Birmingham: England 287 (Root 80, Bairstow 70, Ashwin 4-62, Shami 3-64) and 180 (Curran 63, Ishant 5-51, Ashwin 3-59) beat India 274 (Kohli 149, Curran 4-74) and 162 (Kohli 51, Stokes 4-40) by 31 runs.
It was a heart-breaking déjà vu of the Adelaide Oval for Virat Kohli where, in December 2014, he had batted in a rare zone and nearly pulled off a miraculous win for India. At Edgbaston, undone eventually by a superior seam attack, Kohli finally made a mistake with India still 53 short of an improbable win. The last three wickets could only add a further 21 despite Hardik Pandya’s resistance. At the other end of the field was a spent, exhausted, overcome-with-emotion Ben Stokes, who had managed the mammoth task of getting Kohli out.
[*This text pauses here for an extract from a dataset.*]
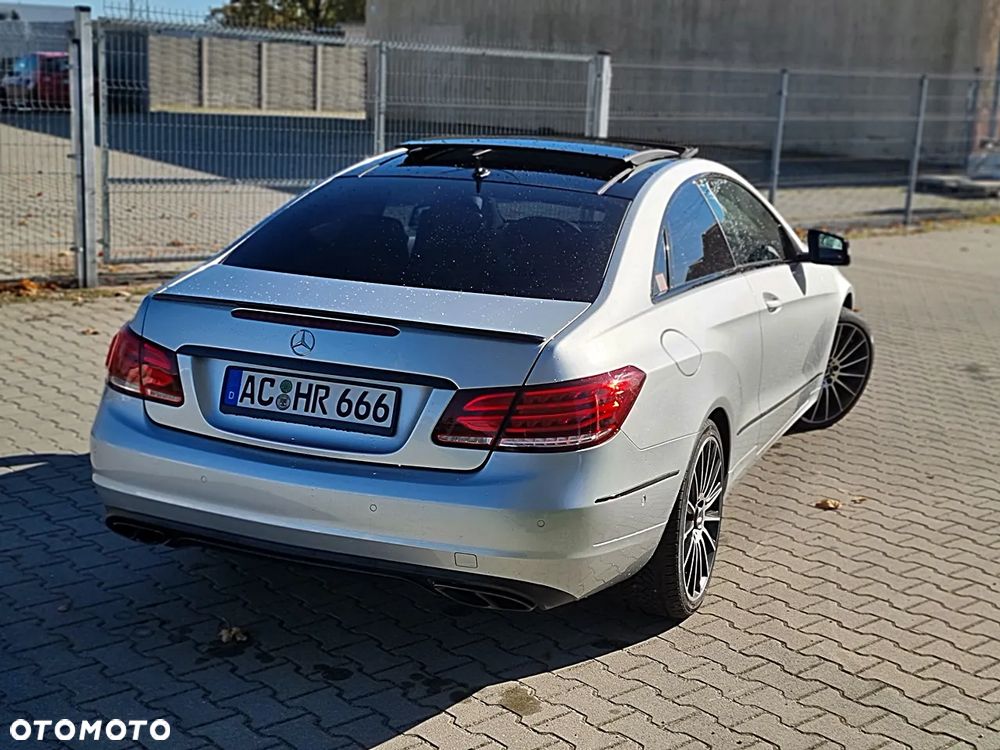 Mercedes-Benz Klasa E - 3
He took the last wicket too, triggering collective relief for England, who had let the visitors back in the game twice with their lack of ruthlessness.
In Adelaide, Kohli had left India 60 to get. Here it was seven fewer. You don’t imagine Kohli as the tragic hero, but Adelaide and Birmingham remain his two best innings according to him. And technically speaking, he went one better in the second innings of this Test. There was less playing and missing than in the first. He began to work James Anderson around. He unleashed a few cover drives. Most of all he stayed calm. Even as India began the day needing 84 with five wickets in hand, which became four in the first over with Anderson taking out Dinesh Karthik.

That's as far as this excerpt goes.